TASK DESCRIPTION: Pictures do not belong in the copy. Return all of the entries exactly.

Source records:
━━━━━━━━━━━━━━━━━━━━

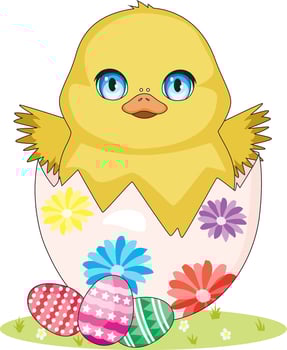 Easter Chick Hatching From Egg vector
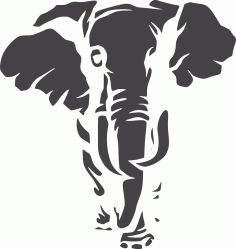 Jungle Animal Elephant Stencil Free Dxf File, Free Vectors File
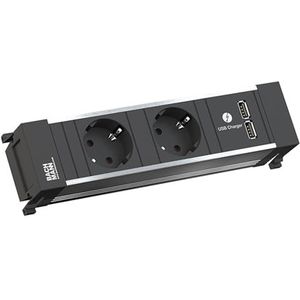 Bachmann Schuko stekkerdoos 2-voudig aluminium met USB-oplader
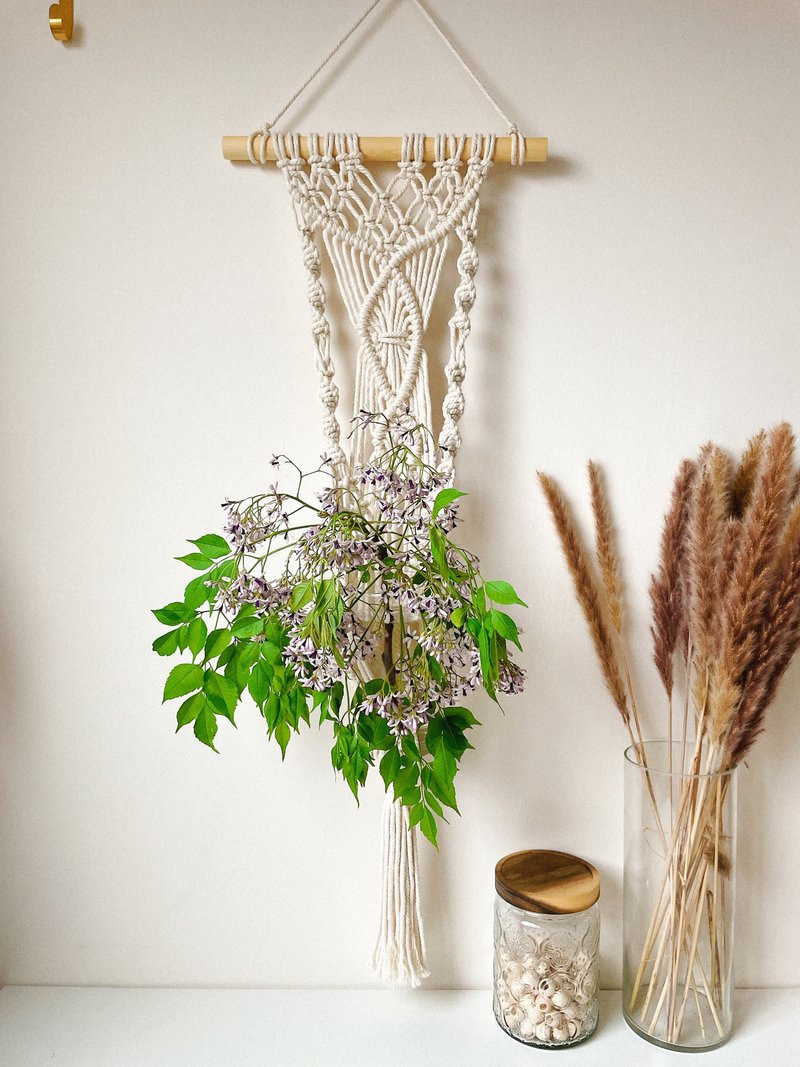 Macrame 订制编织 植物壁挂花编结植物吊篮 - 摆饰 - 棉．麻 白色
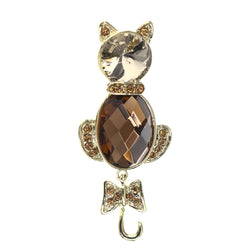 Mi Amore Cat Moveable Tail Bow Brooch-Pin Gold-Tone & Brown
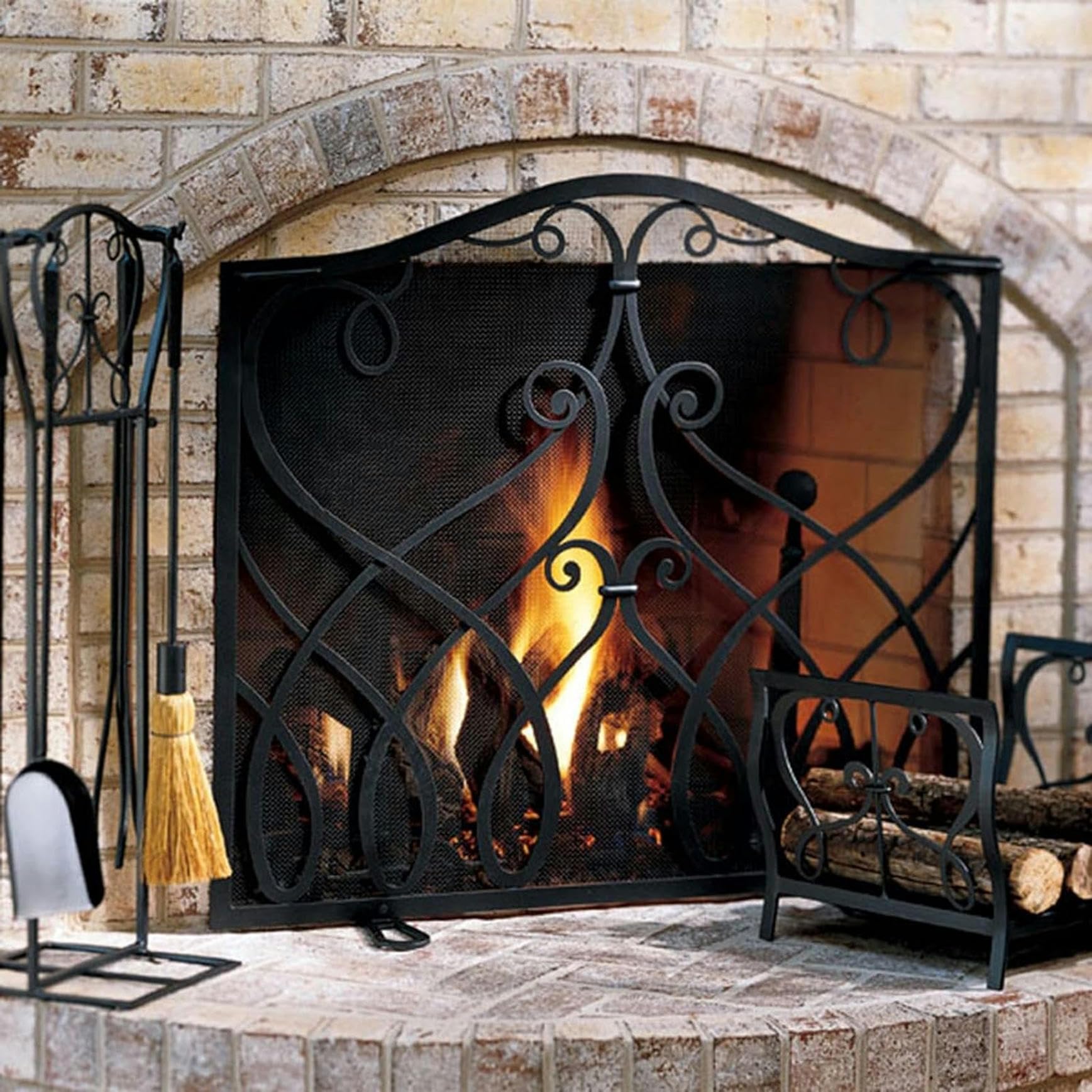 Pantalla de chimenea de hierro forjado negro mate de 32x28 pulgadas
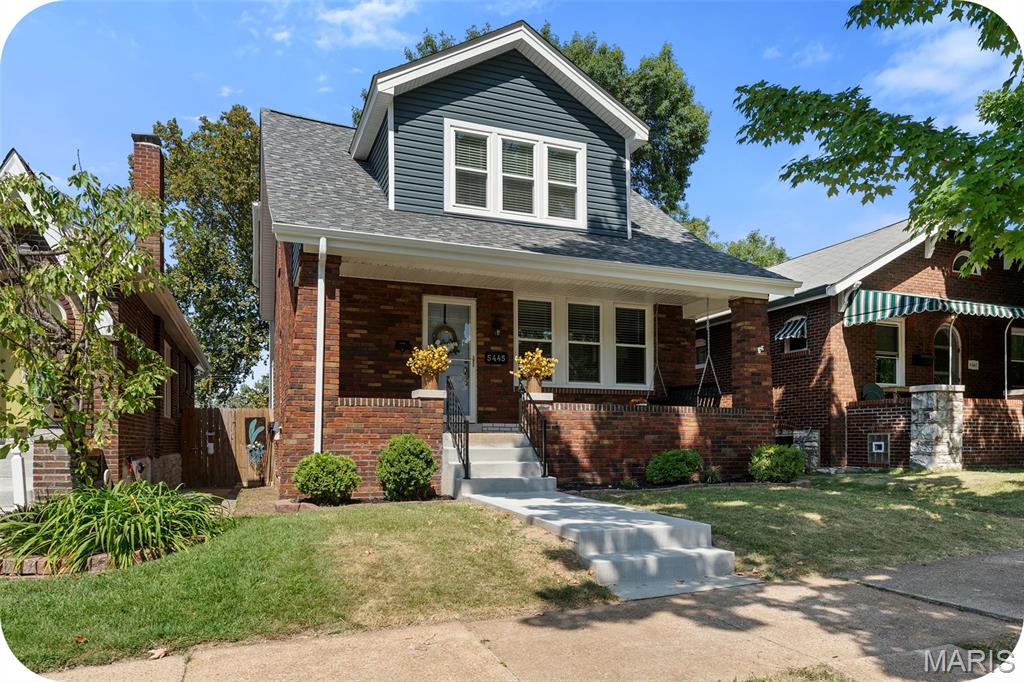 Welcome to 5445 Finkman in the heart of Princeton Heights! This charming and spacious bungalow is an absolute beauty. It perfectly blends classic character with thoughtful modern updates. Located on a tree-lined street with equally charming homes.  You’ll fall in love before you even step inside. You are greeted with a large front porch—perfect for relaxing on the swing with your morning coffee or evening drink.  Inside, the home shines with gorgeous original woodwork, stained glass windows, an original fireplace, and BRAND-NEW wood flooring throughout the main level. The updated kitchen offers plenty of cabinet, counter space, breakfast bar seating and opens seamlessly to the rare family room addition, creating a comfortable and functional layout for entertaining.   Upstairs, you’ll find three generously sized bedroom &  an updated hall bath. The spacious primary suite features a spa-like bathroom and walk-in closet.  Outside, enjoy a newer low-maintenance deck, private fenced yard, and a two-car carport. Major updates include NEW roof, NEW siding, and NEW windows, giving you peace of mind for years to come! Located just moments from neighboring favorites like Onesto’s at the end of the block, Russell’s, and Clementine’s. You can easily meet friends, family and neighbors every day of the week for dinner, drinks, or dessert!  You’re not dreaming—this home truly has it all. Come quick!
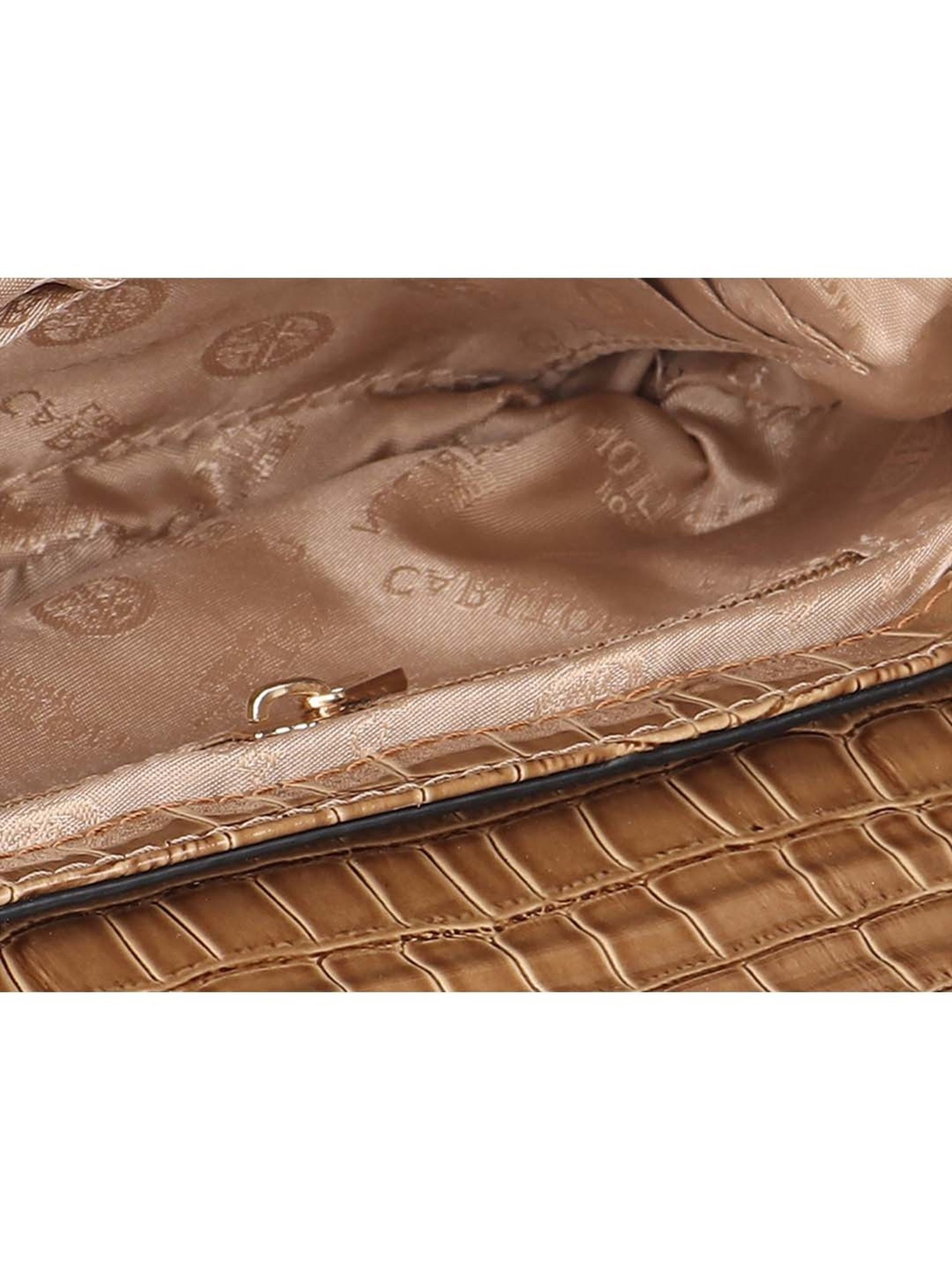 Carlton London Tan Textured Medium Sling Handbag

━━━━━━━━━━━━━━━━━━━━

ANSWER AREA:
 Easter Chick Hatching From Egg vector
 Jungle Animal Elephant Stencil Free Dxf File, Free Vectors File
 Bachmann Schuko stekkerdoos 2-voudig aluminium met USB-oplader
 Macrame 订制编织 植物壁挂花编结植物吊篮 - 摆饰 - 棉．麻 白色
 Mi Amore Cat Moveable Tail Bow Brooch-Pin Gold-Tone & Brown
 Pantalla de chimenea de hierro forjado negro mate de 32x28 pulgadas
 Welcome to 5445 Finkman in the heart of Princeton Heights! This charming and spacious bungalow is an absolute beauty. It perfectly blends classic character with thoughtful modern updates. Located on a tree-lined street with equally charming homes.  You’ll fall in love before you even step inside. You are greeted with a large front porch—perfect for relaxing on the swing with your morning coffee or evening drink.  Inside, the home shines with gorgeous original woodwork, stained glass windows, an original fireplace, and BRAND-NEW wood flooring throughout the main level. The updated kitchen offers plenty of cabinet, counter space, breakfast bar seating and opens seamlessly to the rare family room addition, creating a comfortable and functional layout for entertaining.   Upstairs, you’ll find three generously sized bedroom &  an updated hall bath. The spacious primary suite features a spa-like bathroom and walk-in closet.  Outside, enjoy a newer low-maintenance deck, private fenced yard, and a two-car carport. Major updates include NEW roof, NEW siding, and NEW windows, giving you peace of mind for years to come! Located just moments from neighboring favorites like Onesto’s at the end of the block, Russell’s, and Clementine’s. You can easily meet friends, family and neighbors every day of the week for dinner, drinks, or dessert!  You’re not dreaming—this home truly has it all. Come quick!
 Carlton London Tan Textured Medium Sling Handbag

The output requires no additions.